Mas o império do automatismo predatório do capitalismo financeiro, a que chamam neoliberalismo, projeta no futuro de toda a humanidade o sombrio risco das catástrofes. Sejam elas ambientais, sociais, políticas ou mesmo civilizacionais.
 
Concebida para dar esperança aos povos europeus, a União Europeia deixou-se inquinar por uma tecnocracia burocraticamente aprisionada na regressão social e na anemia política, guiada por um automatismo economicista que reproduz privilégios e desigualdades, cada vez mais se afastando do horizonte inicialmente prometido.
 
É este o difícil contexto que constrange o nosso país, tolhendo o poder democrático e impedindo-o de percorrer com verdadeira liberdade o caminho que o povo escolha.
 
As várias instâncias do Estado democrático, mesmo quando protagonizadas por sujeitos políticos que pugnam pela igualdade, pela liberdade e pelo desenvolvimento sustentável, não escapam ao cerco desse contexto hostil. Um contexto construído por inércias e automatismos que, ao reproduzirem privilégios, constrangimentos e desigualdades, são a marca e o rosto do tipo de sociedade atualmente dominante.
 
Por isso, para que o Estado possa ter êxito, como impulsionador da transformação da sociedade, rumo a um horizonte de liberdade e de justiça, precisa de estar radicado numa sociedade viva. Numa sociedade animada por uma dinâmica endógena que corporize essa transformação.
 
Na verdade, nada de irreversivelmente novo se poderá esperar  do ímpeto de transformação de um Estado, cujas raízes mergulhem numa sociedade adormecida. Mas nenhum horizonte de esperança pode também ser assumido por uma sociedade cuja dinâmica endógena não seja estimulada, amparada e vertebrada por um Estado democrático em permanente aperfeiçoamento.
 
E em sociedades como a nossa, não se vislumbra  protagonismo endógeno mais relevante para uma mudança emancipatória  e humanista do que o do conjunto das organizações da economia social, encaradas na sua diversificada globalidade.

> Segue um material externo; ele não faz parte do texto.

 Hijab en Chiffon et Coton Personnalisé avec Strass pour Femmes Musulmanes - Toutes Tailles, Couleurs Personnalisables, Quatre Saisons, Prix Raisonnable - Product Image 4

Nelas se combinam a capacidade de resposta rápida e efetiva a muitos problemas relevantes da nossa sociedade e uma inequívoca ambição futurante.
 
Por isso, o desenvolvimento da economia social não é apenas uma questão que interesse aos seus protagonistas mais diretos. É, pelo contrário, uma questão que interessa ao país no seu todo, ao povo no seu conjunto.
 
 Há quem reiteradamente procure trazer para a ribalta mediática a questão de saber se a economia social tem futuro. É uma questão subalterna. A questão decisiva, cuja resposta não pode ser iludida, é outra, é a de sabermos se o nosso país é viável como democracia sem a economia social.
 
Por isso, o seu fomento, sendo uma orientação desejável das políticas públicas, não pode limitar-se a ser uma pequena região de um painel programático.
 
Pelo contrário, tem que ser um foco de irradiação para todo o espaço político, que impregne quer a política do Estado central quer a das autarquias; sem esquecer a necessidade de se projetar sem ambiguidades no espaço europeu.
 
A economia social responde à exclusão, à pobreza, à frustração, ao sofrimento, à exploração, não porque sejam eternas, mas para que sejam vencidas.
 
Por isso, não pode renunciar a responder prontamente aos desafios do presente, em nome de possíveis amanhãs que um dia possam cantar. Mas também não pode deixar-se amputar do seu próprio futuro, perdendo a energia emancipatória que a esperança lhe dá e demitindo-se de ser uma economia humana.